Mad Max 2015 é uma viagem alucinante e poeirenta no deserto; um faroeste a mais de 200 km por hora.
Começamos dizendo que "Mad Max: Estrada da Fúria" condensa os três filmes feitos pelo diretor com o personagem num só: aqui evocam-se as obras de 1979, 1981 e 1985. Trinta e seis anos depois do primeiro e trinta depois do último, era de se perguntar o porquê da volta à ativa. Seria apenas para arrecadar mais dinheiro? Ou para prosseguir na saga do "cavaleiro das estradas", agora mais velho? Experimentar filmar sem Mel Gibson no papel-título? Eis que o diretor nos entrega um produto ao mesmo tempo fiel e diferente dos três anteriores, surpreendendo quem esperava algo convencional, como uma resposta à alguma daquelas perguntas.
George Miller nada fez de convencional: misturou uma ação ainda mais alucinante na perseguição de carros com um deserto ainda mais fantástico, tudo num visual que mistura Ilha-da-Caveira, punk e heavy metal.

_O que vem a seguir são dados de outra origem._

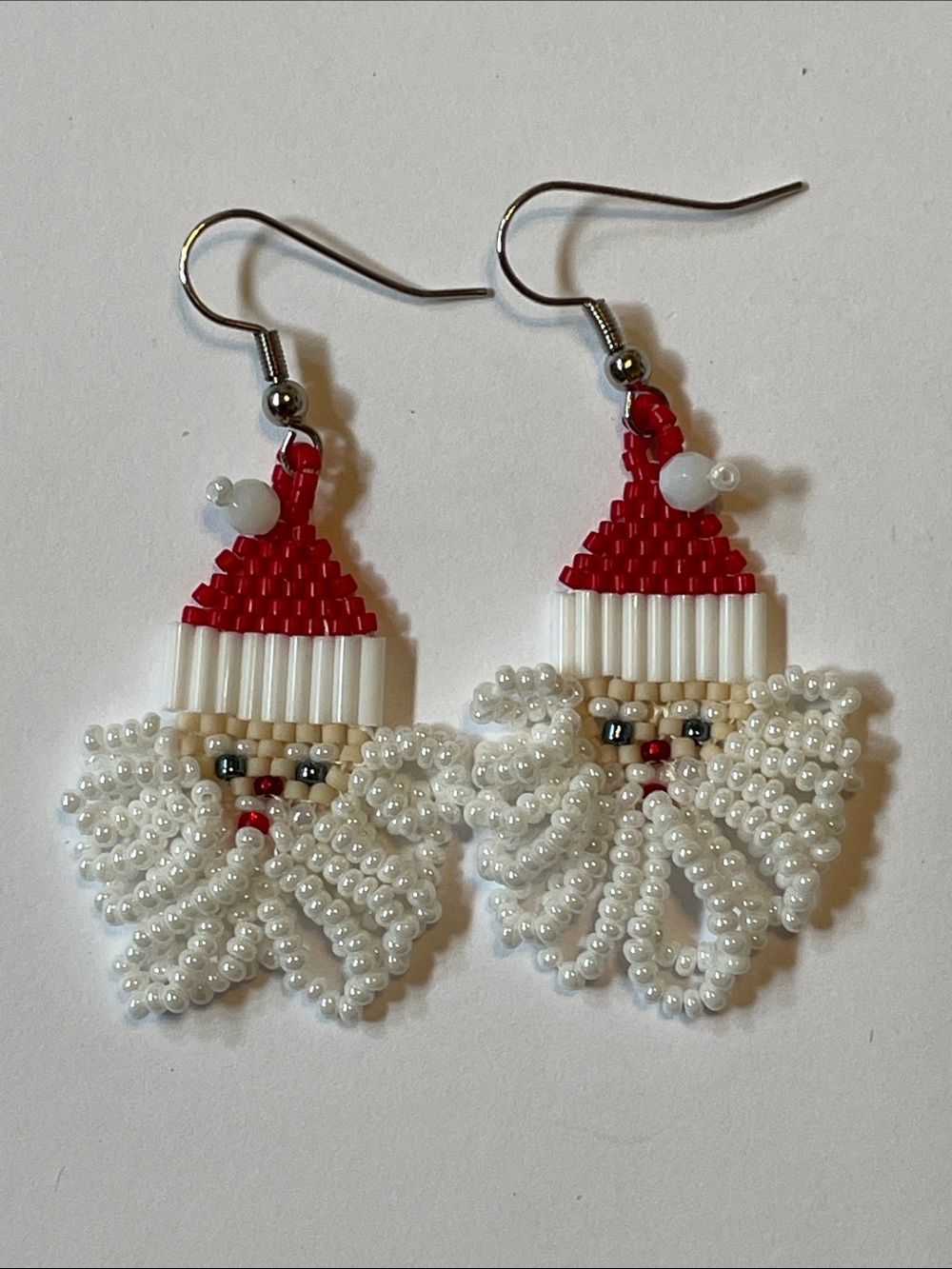 Handmade Beaded Santa Claus Earrings - Red & White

Criou personagens icônicos, como um semi-deus-demoníaco - Immortal joe - que tem um harém de lindas garotas e pavorosas damas-de-leite que alimentam seus guerreiros; um barão gigante faminto por lucros; um guitarrista de heavy-metal cuja função é tocar sua guitarra na frente do carro, nas perseguições, para dar mais gás aos guerreiros. Em resumo, personagens que, quanto mais perdem sua humanidade, mais se deformam. Há ainda velhas senhoras peritas no tiro e na moto, cuja humanidade de um passado distante existe, mas não intacta.
Charlize Theron é Furiosa, uma das generais do Immortal Joe, que foge com as garotas dele para dar a elas e à humanidade um novo futuro. Max, por sua vez, é no início do filme capturado para servir como banco-de-sangue a guerreiros que precisam de sangue para conservar sua saúde, uma vez que só se alimentam de leite.
Essa humanidade doentia não precisa ser analisada, explicada: os personagens falam por si em sua aparência e ações. Daí o filme não perde tempo com explicações: não é para ser compreendido, e sim sentido.
Da primeira obra reconheci mais pelos flashbacks de Max, em que ele relembra sua vida de patrulheiro rodoviário numa sociedade em desagregação, e as pessoas que não pôde salvar - principalmente sua família.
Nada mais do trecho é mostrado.